**TASK BRIEF**
Each line starting at the one that contains "Madama BUTTERFLY Teatro Coccia Novara" and ending at the one that contains "丸型 ボコ肌良樹形 オペルクリカリア パキプス ① Pachypus original" must be returned exactly, and the rest of the listing is left out.

**THE DATA**

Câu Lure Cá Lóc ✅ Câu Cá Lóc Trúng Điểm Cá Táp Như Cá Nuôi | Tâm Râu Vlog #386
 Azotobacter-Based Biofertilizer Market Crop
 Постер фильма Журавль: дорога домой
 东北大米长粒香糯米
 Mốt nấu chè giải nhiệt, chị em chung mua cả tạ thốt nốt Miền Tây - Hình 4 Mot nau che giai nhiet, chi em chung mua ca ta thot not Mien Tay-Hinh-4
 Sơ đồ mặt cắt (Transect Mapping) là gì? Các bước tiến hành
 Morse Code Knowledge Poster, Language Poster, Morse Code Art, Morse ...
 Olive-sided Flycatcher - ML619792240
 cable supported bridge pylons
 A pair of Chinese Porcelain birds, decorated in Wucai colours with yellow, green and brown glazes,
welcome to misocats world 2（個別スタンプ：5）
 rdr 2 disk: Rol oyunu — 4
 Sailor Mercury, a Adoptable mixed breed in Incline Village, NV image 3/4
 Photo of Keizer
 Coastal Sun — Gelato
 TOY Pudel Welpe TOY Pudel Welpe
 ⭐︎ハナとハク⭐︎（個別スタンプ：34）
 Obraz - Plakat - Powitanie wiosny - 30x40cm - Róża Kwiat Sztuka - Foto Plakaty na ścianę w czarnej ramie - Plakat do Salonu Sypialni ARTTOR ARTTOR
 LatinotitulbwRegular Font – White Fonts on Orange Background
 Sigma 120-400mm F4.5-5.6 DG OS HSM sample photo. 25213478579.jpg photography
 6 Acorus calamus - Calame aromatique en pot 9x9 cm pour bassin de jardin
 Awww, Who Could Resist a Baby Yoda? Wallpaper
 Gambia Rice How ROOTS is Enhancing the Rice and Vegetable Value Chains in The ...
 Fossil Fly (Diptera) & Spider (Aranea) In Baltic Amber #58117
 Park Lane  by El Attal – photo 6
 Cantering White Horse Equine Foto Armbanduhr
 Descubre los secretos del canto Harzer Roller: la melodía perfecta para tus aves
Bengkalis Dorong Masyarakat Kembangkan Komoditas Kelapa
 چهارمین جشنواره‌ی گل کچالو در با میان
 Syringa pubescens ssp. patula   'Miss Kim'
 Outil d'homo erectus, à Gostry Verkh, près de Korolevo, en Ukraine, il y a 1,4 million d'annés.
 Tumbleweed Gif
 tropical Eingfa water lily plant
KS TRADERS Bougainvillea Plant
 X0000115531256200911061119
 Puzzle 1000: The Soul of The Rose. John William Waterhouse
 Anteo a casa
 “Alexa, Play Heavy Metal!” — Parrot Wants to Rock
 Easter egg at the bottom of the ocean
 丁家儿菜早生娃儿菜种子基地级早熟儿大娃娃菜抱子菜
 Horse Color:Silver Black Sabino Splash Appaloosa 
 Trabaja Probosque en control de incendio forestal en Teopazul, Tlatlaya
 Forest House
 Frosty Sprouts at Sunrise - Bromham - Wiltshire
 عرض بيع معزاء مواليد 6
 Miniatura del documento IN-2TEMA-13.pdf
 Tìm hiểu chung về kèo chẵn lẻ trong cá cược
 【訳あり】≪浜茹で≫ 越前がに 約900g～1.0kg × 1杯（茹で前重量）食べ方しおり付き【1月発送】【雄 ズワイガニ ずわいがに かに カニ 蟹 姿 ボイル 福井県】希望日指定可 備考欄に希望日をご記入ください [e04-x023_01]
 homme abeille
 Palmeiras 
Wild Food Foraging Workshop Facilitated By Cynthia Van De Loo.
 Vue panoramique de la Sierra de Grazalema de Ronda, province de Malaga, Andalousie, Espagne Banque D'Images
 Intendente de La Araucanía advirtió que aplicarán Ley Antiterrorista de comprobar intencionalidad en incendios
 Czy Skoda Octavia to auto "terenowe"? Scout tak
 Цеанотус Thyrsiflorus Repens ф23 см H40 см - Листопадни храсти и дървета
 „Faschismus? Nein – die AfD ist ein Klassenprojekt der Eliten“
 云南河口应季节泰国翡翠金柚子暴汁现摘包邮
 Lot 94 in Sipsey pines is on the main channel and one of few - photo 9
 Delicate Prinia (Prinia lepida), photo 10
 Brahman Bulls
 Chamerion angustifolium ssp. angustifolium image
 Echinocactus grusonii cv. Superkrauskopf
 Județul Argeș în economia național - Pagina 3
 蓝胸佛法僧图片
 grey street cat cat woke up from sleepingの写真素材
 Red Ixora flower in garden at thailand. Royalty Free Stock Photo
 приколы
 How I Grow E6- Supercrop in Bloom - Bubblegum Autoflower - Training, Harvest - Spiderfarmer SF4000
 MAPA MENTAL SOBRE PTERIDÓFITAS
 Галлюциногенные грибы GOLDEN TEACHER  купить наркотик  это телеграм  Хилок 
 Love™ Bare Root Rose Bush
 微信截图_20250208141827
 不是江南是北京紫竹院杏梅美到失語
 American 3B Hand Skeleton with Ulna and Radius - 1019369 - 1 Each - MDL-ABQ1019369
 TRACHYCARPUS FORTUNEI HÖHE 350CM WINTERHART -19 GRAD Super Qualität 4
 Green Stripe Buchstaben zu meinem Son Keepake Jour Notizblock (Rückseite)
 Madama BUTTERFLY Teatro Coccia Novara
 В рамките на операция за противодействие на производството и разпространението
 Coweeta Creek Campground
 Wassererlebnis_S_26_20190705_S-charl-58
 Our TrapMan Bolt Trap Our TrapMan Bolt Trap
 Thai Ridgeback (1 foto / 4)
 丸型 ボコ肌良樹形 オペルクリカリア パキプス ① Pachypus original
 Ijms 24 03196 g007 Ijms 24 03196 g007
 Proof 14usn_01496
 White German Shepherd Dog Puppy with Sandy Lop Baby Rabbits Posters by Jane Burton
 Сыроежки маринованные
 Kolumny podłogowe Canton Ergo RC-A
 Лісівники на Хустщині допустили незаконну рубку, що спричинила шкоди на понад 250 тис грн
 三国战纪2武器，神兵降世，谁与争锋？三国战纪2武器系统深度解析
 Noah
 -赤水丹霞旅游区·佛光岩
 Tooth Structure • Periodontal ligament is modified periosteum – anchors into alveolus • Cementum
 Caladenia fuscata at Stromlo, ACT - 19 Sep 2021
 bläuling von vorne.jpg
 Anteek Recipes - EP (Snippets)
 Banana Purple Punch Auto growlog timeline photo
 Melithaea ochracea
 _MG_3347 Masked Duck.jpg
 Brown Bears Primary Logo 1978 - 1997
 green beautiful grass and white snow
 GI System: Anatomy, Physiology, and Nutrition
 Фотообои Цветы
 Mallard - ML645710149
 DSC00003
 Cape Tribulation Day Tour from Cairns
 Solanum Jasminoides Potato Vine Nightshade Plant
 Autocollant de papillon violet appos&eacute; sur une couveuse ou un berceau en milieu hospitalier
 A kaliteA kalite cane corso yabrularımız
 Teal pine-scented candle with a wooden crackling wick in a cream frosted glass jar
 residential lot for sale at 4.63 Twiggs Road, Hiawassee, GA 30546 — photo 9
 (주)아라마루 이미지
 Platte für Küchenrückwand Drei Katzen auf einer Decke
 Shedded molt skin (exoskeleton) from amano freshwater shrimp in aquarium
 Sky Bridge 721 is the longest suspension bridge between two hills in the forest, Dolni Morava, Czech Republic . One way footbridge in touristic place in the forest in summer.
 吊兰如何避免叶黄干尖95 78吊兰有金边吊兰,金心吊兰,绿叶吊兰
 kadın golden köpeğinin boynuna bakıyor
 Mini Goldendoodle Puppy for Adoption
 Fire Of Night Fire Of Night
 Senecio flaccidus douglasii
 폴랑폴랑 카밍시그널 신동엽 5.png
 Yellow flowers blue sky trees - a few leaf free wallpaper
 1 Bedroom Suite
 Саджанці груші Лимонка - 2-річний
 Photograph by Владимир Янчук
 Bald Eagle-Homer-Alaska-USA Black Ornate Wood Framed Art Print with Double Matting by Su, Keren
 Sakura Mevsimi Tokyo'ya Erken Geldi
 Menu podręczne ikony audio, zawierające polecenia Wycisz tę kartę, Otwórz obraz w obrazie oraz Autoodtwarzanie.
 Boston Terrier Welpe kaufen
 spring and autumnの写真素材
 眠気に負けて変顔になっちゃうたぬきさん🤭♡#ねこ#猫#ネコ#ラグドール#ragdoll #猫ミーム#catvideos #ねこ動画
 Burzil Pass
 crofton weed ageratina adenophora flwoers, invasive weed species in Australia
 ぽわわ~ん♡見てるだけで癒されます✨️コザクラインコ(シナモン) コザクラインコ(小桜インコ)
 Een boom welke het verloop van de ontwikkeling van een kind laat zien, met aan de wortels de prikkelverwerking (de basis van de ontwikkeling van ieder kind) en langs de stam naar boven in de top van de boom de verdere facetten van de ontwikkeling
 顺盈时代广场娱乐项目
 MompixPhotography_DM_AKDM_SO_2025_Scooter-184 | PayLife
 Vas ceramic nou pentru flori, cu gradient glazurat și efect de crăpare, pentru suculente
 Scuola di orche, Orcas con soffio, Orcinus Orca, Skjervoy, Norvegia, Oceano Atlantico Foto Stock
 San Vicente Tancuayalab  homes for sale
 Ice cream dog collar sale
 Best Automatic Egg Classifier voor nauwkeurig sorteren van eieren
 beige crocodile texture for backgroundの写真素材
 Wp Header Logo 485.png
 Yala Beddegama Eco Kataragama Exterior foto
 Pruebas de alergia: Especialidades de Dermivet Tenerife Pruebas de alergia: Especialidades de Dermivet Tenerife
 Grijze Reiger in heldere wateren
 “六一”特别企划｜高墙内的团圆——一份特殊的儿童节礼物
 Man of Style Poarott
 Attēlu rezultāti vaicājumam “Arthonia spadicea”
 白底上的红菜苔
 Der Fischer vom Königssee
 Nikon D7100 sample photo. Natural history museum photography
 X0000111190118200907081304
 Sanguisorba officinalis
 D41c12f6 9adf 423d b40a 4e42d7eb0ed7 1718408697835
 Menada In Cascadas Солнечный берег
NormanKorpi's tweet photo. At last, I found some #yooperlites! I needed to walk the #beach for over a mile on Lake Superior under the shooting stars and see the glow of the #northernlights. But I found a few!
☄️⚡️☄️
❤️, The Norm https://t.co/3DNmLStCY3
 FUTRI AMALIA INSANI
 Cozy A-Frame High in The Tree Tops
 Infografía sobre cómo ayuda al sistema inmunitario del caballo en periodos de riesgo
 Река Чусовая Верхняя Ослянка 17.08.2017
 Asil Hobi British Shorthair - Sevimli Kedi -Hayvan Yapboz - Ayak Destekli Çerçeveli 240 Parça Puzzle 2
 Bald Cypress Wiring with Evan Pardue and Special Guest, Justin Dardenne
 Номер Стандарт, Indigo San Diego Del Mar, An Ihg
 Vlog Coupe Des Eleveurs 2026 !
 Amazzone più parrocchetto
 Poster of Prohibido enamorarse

**FINISHED TASK**
 Madama BUTTERFLY Teatro Coccia Novara
 В рамките на операция за противодействие на производството и разпространението
 Coweeta Creek Campground
 Wassererlebnis_S_26_20190705_S-charl-58
 Our TrapMan Bolt Trap Our TrapMan Bolt Trap
 Thai Ridgeback (1 foto / 4)
 丸型 ボコ肌良樹形 オペルクリカリア パキプス ① Pachypus original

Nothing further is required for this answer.